CBC Radio host helps his dad get out of a retirement rut
Trevor Dineen shares what it was like bringing his father to a 'Men's Shed' for the very first time
By Now or Never host Trevor Dineen
Do you want to play a fun game?
It's called: 'Can You Guess Where My Dad Is Right Now?', and to be clear, I specifically mean my father, Dave Dineen. I guess this game really isn't that marketable.
You're probably thinking, what a stupid game (which is true but a little rude). But actually, the game is easier than you think. My pops can be found nearly every day sitting in the basement of his house, cozied up to a nice fire, reading a book.
You see, he's retired and that reclining chair is like his Iron Throne. His feet are up. His bowl of peanuts are positioned within arms reach. And he's completely happy.
And to be honest, I'm jealous. I don't think I can retire until 2068, which seems like some made up year in a futuristic movie, so that kind of relaxation seems more like a dream than a reality.
But some days, I miss seeing him out with the guys, laughing and joking around and shooting the proverbial... Well... You know what I mean.
So, I thought, why not see if he'd be interested in joining a men's group and meeting other retired guys?
My mother got really excited, like Drake at a Raptors game excited. I think her exact words were:
"Take him out of the house please!," which was said more lovingly than it comes across in print.
And surprisingly, my dad was game too. But where was I going to take him? That part was simple... We were going to the Men's Shed.
Now just to be clear, it's not an actual shed, because that would be weird.
Instead, the Men's Shed is like a shared version of a home workshop. The one we're visiting in Winnipeg is inside the walls of a community centre. It's a place where retired men can come together to make new friends, socialize, do some woodworking and avoid the isolation, loneliness and depression that sometimes comes with retirement.
Picture the television show Cheers, but instead of a bar with drinks there's power tools and cribbage boards.
The whole thing started in Australia (as all great things do, like the koala) but has grown to have over 2,000 chapters around the world, with dozens set up across Canada.
As we walked up to the front doors of the building, I was nervous.
It was like this weird Freaky Friday role-reversal moment where it felt like I was dropping my dad off for his first day of school and all I wanted was for him to make friends and not have his lunch money stolen.
And it turns out, making friends is exactly what he did.
The second he walked in there, he was greeted like an old friend. A man named Fred bonded with him over similar authors they like to read. Doug talked to him about thread and needle work. Tom gave him a tour of the woodworking shop (where I think my father actually drooled). Ted showed him the walking stick he made and Dean offered to teach him everything he knows about carving.

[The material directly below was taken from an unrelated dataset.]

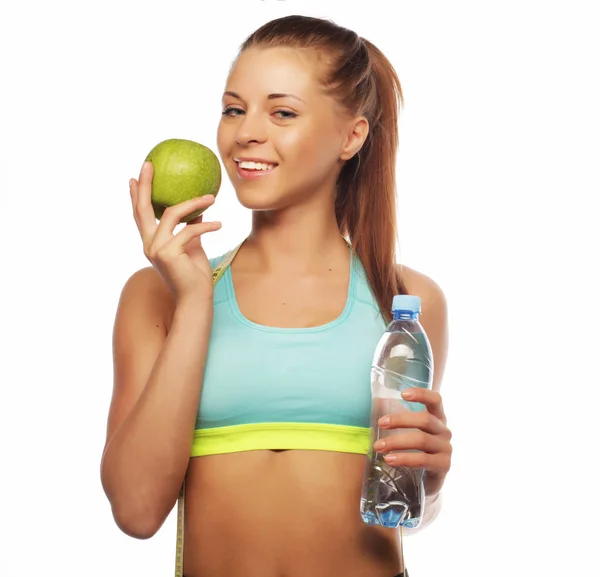 Deporte, dieta, salud y concepto de personas: Joven mujer alegre en ropa deportiva con manzana y una botella de agua, aislada sobre fondo blanco —  Fotos de Stock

Everyone was laughing and joking and my father was right in his element. Sitting back and watching it all, it was nice seeing him find something that a good book can never offer: camaraderie.
After a couple of hours, my dad grabbed one of the long tree branches that was lying beside the table and told everyone he would be back next week to start learning how to carve.
I was glad, because for a second, I thought he was just stealing.
So after shaking a few hands, and hearing "Bye Dave!" from almost everyone, we got back into the car and drove off.
My dad smiled the whole way home.
So what did I learn from being my father's friendship wingman? I think the greatest television show theme song of all time sums it up best.
(Cue the music.)
Sometimes you want to go where everybody knows your name. And they're always glad you came.
You want to be where you can see our troubles are all the same.
You want to go where everybody knows your name.